Provided material -
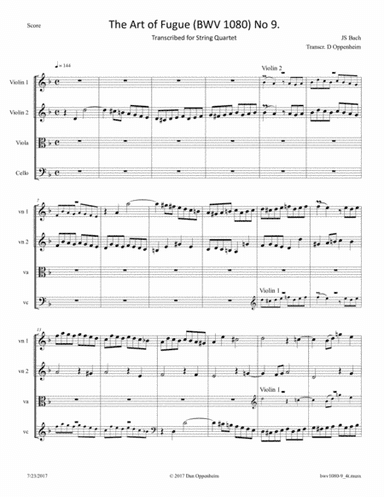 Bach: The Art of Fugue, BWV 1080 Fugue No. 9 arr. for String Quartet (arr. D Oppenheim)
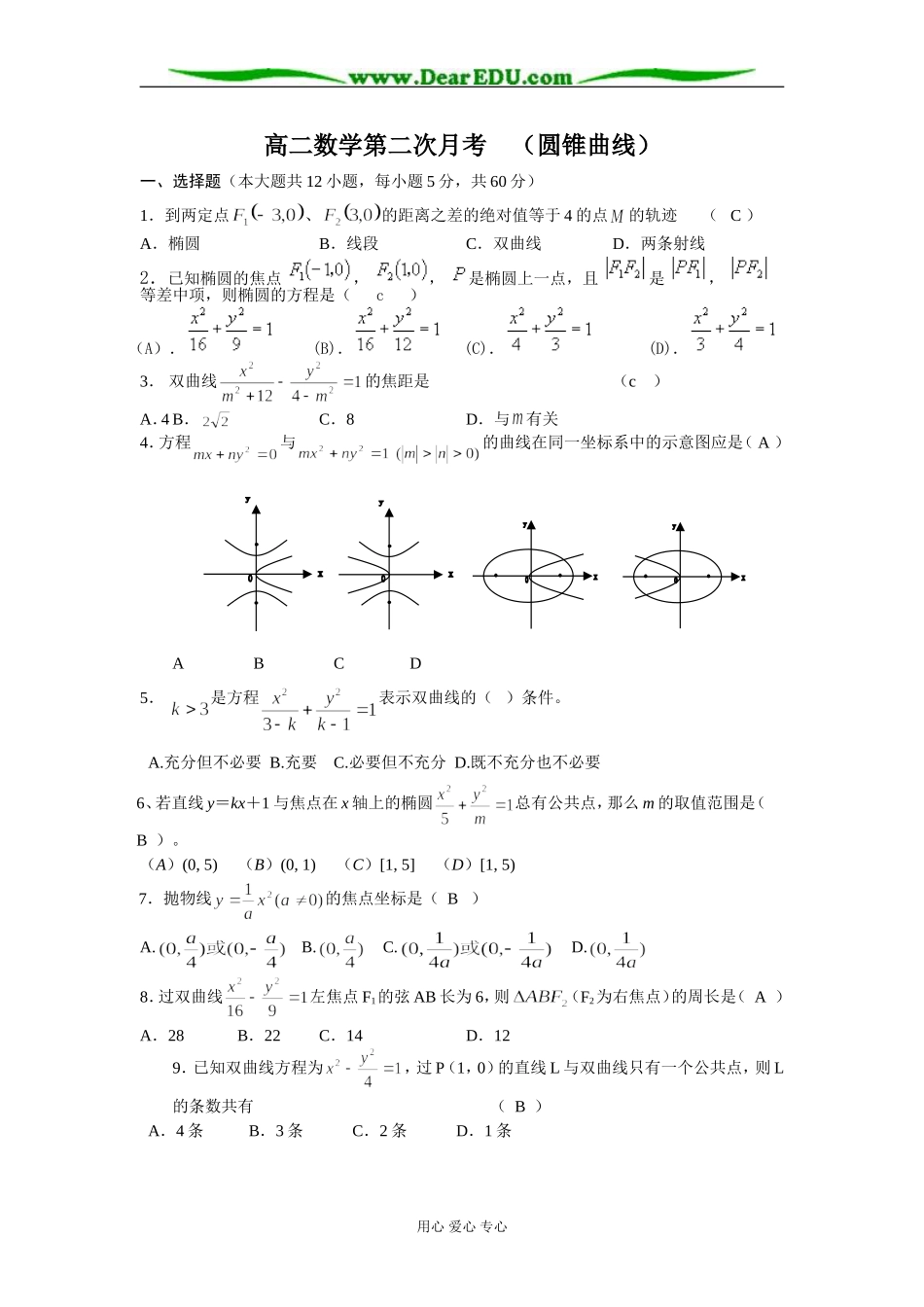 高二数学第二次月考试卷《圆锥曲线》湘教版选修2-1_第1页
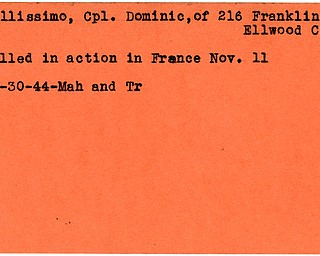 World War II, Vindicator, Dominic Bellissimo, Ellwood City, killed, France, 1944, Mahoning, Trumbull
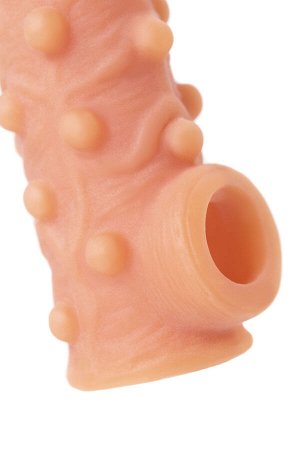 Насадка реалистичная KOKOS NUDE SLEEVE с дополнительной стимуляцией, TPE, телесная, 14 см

To do - Pictures aside, return all of the material exactly as written.

Task answer -
 Bach: The Art of Fugue, BWV 1080 Fugue No. 9 arr. for String Quartet (arr. D Oppenheim)
 高二数学第二次月考试卷《圆锥曲线》湘教版选修2-1_第1页
 World War II, Vindicator, Dominic Bellissimo, Ellwood City, killed, France, 1944, Mahoning, Trumbull
 Насадка реалистичная KOKOS NUDE SLEEVE с дополнительной стимуляцией, TPE, телесная, 14 см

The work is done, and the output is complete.